[Dataset records]

========

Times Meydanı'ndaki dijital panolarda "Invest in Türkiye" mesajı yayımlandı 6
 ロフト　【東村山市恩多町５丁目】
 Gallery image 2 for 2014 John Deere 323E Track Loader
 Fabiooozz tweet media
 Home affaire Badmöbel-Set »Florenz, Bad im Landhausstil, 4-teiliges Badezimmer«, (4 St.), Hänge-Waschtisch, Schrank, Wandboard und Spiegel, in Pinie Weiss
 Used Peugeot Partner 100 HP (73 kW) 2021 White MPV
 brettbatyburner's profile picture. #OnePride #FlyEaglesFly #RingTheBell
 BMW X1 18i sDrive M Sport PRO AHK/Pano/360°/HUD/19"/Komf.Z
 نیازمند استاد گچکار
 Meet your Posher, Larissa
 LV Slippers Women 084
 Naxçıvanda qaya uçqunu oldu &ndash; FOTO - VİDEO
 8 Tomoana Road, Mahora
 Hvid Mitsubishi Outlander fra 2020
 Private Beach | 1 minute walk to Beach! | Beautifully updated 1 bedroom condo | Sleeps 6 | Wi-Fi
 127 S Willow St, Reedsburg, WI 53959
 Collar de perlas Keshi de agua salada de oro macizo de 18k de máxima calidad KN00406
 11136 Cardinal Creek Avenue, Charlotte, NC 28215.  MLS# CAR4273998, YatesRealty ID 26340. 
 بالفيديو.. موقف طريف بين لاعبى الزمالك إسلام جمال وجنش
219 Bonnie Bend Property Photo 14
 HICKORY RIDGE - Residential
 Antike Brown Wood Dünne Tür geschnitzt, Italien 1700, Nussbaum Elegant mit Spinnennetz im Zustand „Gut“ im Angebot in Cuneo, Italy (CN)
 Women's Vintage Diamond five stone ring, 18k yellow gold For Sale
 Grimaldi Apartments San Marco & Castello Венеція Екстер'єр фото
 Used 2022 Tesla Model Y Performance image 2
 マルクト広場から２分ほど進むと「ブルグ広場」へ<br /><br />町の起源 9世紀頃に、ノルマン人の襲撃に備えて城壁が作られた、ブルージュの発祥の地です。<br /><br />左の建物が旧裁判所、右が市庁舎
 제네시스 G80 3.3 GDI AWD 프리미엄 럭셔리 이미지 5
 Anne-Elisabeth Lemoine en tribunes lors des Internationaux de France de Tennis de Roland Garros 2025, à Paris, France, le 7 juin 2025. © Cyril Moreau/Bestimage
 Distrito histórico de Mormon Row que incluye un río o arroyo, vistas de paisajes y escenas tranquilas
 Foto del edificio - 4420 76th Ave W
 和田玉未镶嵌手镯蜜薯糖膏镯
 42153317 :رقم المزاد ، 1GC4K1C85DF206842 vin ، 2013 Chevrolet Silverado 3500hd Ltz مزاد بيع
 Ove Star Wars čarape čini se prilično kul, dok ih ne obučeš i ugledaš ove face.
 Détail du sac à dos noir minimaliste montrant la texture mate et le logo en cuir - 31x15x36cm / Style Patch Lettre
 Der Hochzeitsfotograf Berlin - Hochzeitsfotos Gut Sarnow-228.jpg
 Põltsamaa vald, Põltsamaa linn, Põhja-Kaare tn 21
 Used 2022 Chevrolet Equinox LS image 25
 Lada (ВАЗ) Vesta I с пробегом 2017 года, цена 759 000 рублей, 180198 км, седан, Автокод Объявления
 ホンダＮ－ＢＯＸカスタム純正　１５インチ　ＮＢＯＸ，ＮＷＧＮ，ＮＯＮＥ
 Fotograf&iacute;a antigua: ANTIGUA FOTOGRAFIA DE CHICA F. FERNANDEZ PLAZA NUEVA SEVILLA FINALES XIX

========

§ **Activity**
Reproduce exactly the line that holds "Põltsamaa vald, Põltsamaa", then every line after it, ending with the final line of the records above.

§ **Response**
 Põltsamaa vald, Põltsamaa linn, Põhja-Kaare tn 21
 Used 2022 Chevrolet Equinox LS image 25
 Lada (ВАЗ) Vesta I с пробегом 2017 года, цена 759 000 рублей, 180198 км, седан, Автокод Объявления
 ホンダＮ－ＢＯＸカスタム純正　１５インチ　ＮＢＯＸ，ＮＷＧＮ，ＮＯＮＥ
 Fotograf&iacute;a antigua: ANTIGUA FOTOGRAFIA DE CHICA F. FERNANDEZ PLAZA NUEVA SEVILLA FINALES XIX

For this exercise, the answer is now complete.